Being able to express myself through writing again has ignited a spark in me to not only continue moving forward with it but to share it more freely. I have found that since writing my story, I have been more open to discussing it and answering questions about it. One question that seems to be asked by most who have read it and is a trigger for me: “Do you feel worthy now?” Wow, that’s a big question with a lot of meaning behind it.
: the value of something measured by its qualities or by the esteem in which it is held
: moral or personal value
: deserving of
Do I feel worthy?
I didn’t – for a very, very long time. My definition of worth was if someone else felt I was ‘worth’ it. How sad to look back and base the value of my life on other’s opinions of who I was. What little they knew about me and what battles I had fought to draw conclusions about who I am. Acknowledging my story has made me realize that I am not the only one with a human condition story. We all have one; we’ve all suffered hurt, lose, pain that felt immeasurable in those moments. We’ve pushed through it and moved forward on the path but the question is really if we’re moving down the path we feel we deserve or if we are on the path that others think we deserve. The path we feel we deserve or the path others think we deserve – think about that for a second. I know that I now consciously surround myself with people who want only the very best for me so in my case, we’re on the same path together. Many times in life we aren’t surrounded by people who want the very best for us therefore we may very well be on the path that they feel we deserve or on the path that we feel we deserve because of how they make us feel. How often do we start walking feeling as though we have people beside us supporting us only to find that when we get to the tough decision, we are standing alone? I walked a long, lonely path where I felt like I wasn’t worthy of having anyone walk it with me because why would anyone want to walk with someone who was as deeply damaged as I was inside.
A big reflection for me is that I choose not to tell my parents because I didn’t think they’d want me anymore. Heart breaking to write that as a parent myself but deep down inside the voice played – “the boys didn’t want you afterwards – why would your parents?”. Ouch – that one hurts deep inside and is a new one for me as I’m writing this. How in this world am I going to make sure that everyone in my life understands that I WANT them in my world in whatever form they are in my life; from my children, family, friends and so on. I need to make them see their worth in my eyes.

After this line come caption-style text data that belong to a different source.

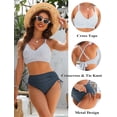 thumbnail image 2 of NICELF High Waisted Bikini Sets for Women, Tummy Control 2 Piece Swimsuit for Women Sexy, Cute Modest Womens Bathing Suits 2026 with Crisscross Tie Back, 2 of 6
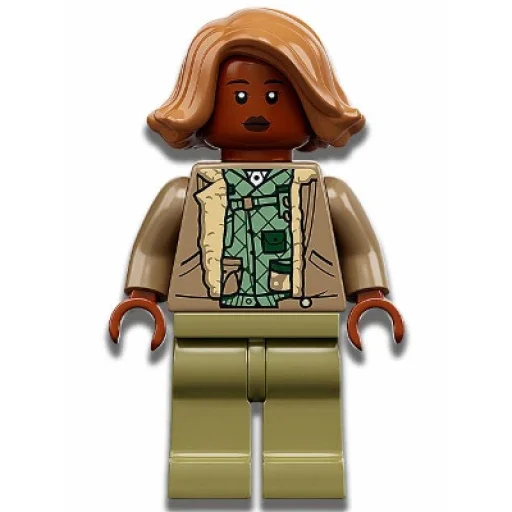 Минифигурка LEGO jw084 Kayla Watts - Medium Nougat - изображение 1
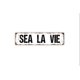 thumbnail image 1 of Letrero de metal rústico para puerta o calle con el lema "Sea La Vie" y "That's Life Beach House". Tamaño de la placa: 4 x 16 pulgadas, 1 of 4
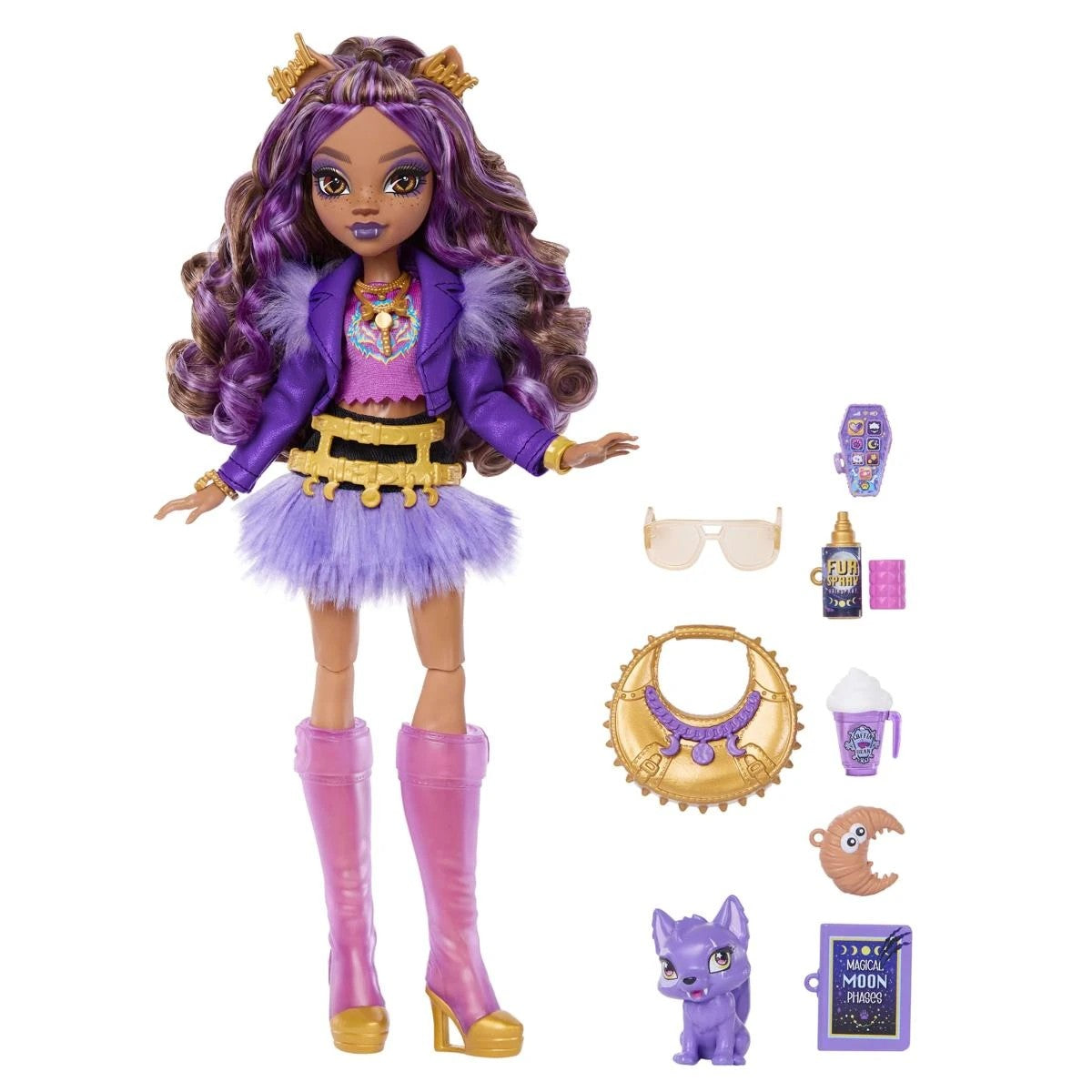 MONSTER HIGH CORE CLAWDEN DOLL
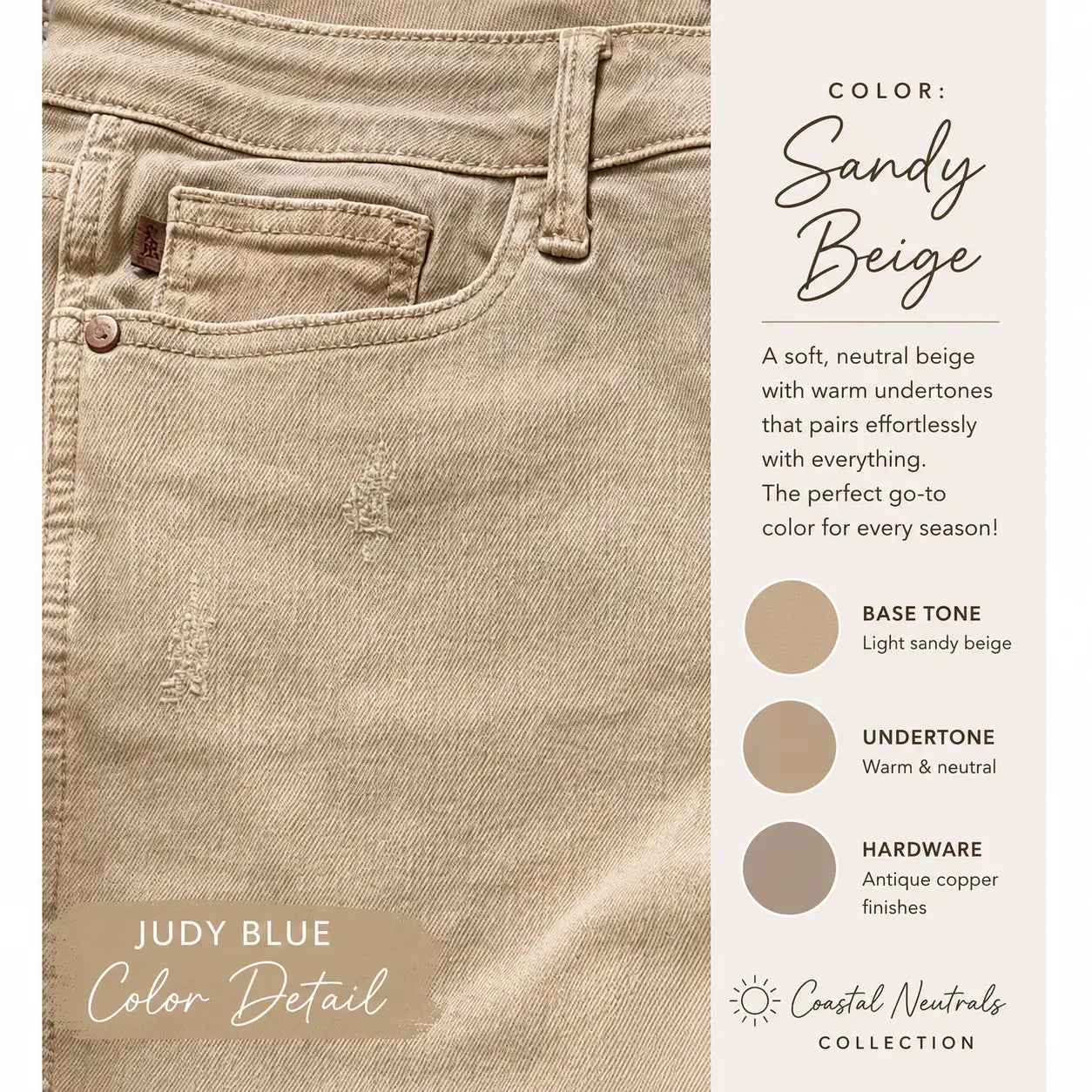 Judy Blue Sandy Coast Mid Rise Bootcut Jeans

I feel healing inside in many ways now but the largest part of that has come in truly owning my story. I can’t change what happened to me but I can change how I allow it to be a part of my life. It will always be a part of my life, that is a fact but allowing it to be a part of my life to build and grow on, that is a choice. I choose to own my story and I challenge you all to own your story and through owning it, you too will find your worth.